Bijlage 1:

Ode van Jan Schoenmakers aan de Beekse wasvrouwen

Duizend stappen in Beek zijn ze van elkaar verwijderd, de Bleekster en de Wasvrouw -liefkozender: Het Wasvrouwtje. Vereeuwigd in brons verbeelden de beelden de tijd dat in het dorp veel bedrijven hun brood verdienden met het wassen van kleding en andere stoffen. Vader van beide objecten is Jan Schoenmakers (1923), kunstenaar uit Beek.

Waar de polder bij Beek op tijden te maken had en heeft met het wassende water van de Waal, heeft het hogerop gelegen dorp zelf van doen met het stromende water dat zijn oorsprong vindt in de stuwwal. De bewoners en bedrijven hebben in de loop der tijd altijd gebruikgemaakt van deze kracht van het water. En nog, met het project Water Werkt.

Tien bronnen storten hun water over de omgeving uit, beschrijft F. Hoogeveen in zijn rapportage ‘Beekherstel Beek Ubbergen‘ in 2010. Het zijn het Heiligbronnetje, de Beekstroom, de Hondsbeek, de Oorsprong, Kalorama, de Elzenbeek, de Wasserij, de Elandsbeek, Wijlerberg-kwelmuur en de Filosofenbeek. Grootleveranciers van water zijn met name de Filosofenbeek met 11 kubieke meter per uur, en koploper de Elzenbeek die met bijna 22 kuub per uur in 113 uur -binnen vijf dagen- een twee meter diep Olympisch wedstrijdbad van 50 bij 25 meter compleet kan vullen.

Geen wonder dat wasserijen zich dankzij het heldere bronwater in vroeger jaren prima thuis voelden in Beek, met name aan de Waterstraat. Veel mensen hadden er een inkomen aan. Het wasgoed kwam voornamelijk uit Nijmegen. Rond de Middeleeuwen brachten welvarende burgers hun wasgoed namelijk naar washuizen. Beek is van de 19de tot ver in de 20ste eeuw een dorp van wasserijen geweest voor de rijke burgerij van Nijmegen. Hiervan getuigen nog de witte wasboerderijtjes en enkele spoelputten.

Veel vrouwen wasten, weet Museum Vekemans in Boxtel dat in wassen en strijken is gespecialiseerd, één keer per maand drie dagen achter elkaar. “Dit zware werk gebeurde allemaal met de hand.” Het was dan ook een van de meest arbeidsintensieve huishoudelijke taken, dat wassen.

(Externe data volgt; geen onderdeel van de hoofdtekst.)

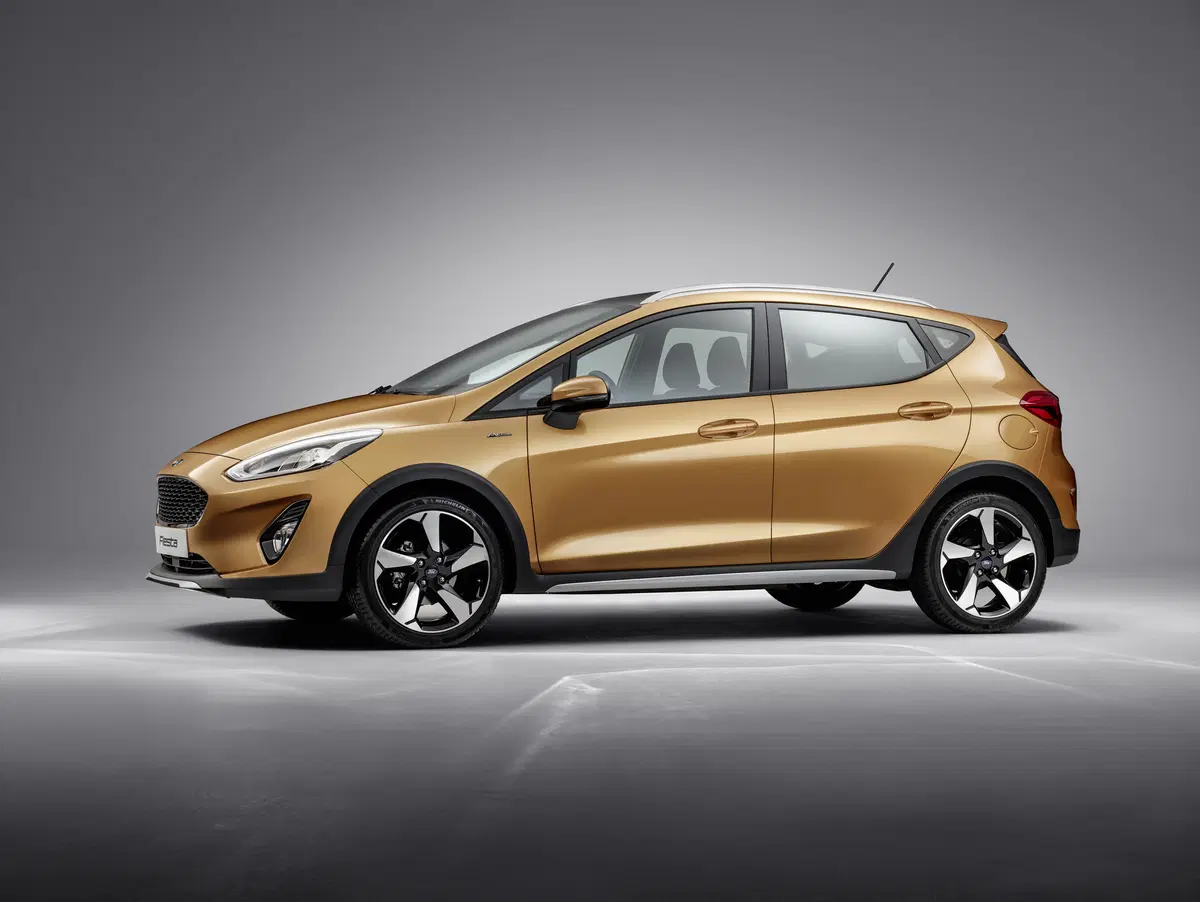 Nuova Ford Fiesta 2017, tutti i dettagli (4)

Wasvrouwen wasten linnengoed met zeep aan de rand van een beek of rivier, of in een fontein of wasplaats. Ze wreven het doek op stenen of houten planken en voegden zo nodig zand toe om vlekken en aangekoekt vuil te verwijderen. Daarna zouden ze het draaien, voordat ze er met een houten klopper op sloegen, om zoveel mogelijk water te verwijderen.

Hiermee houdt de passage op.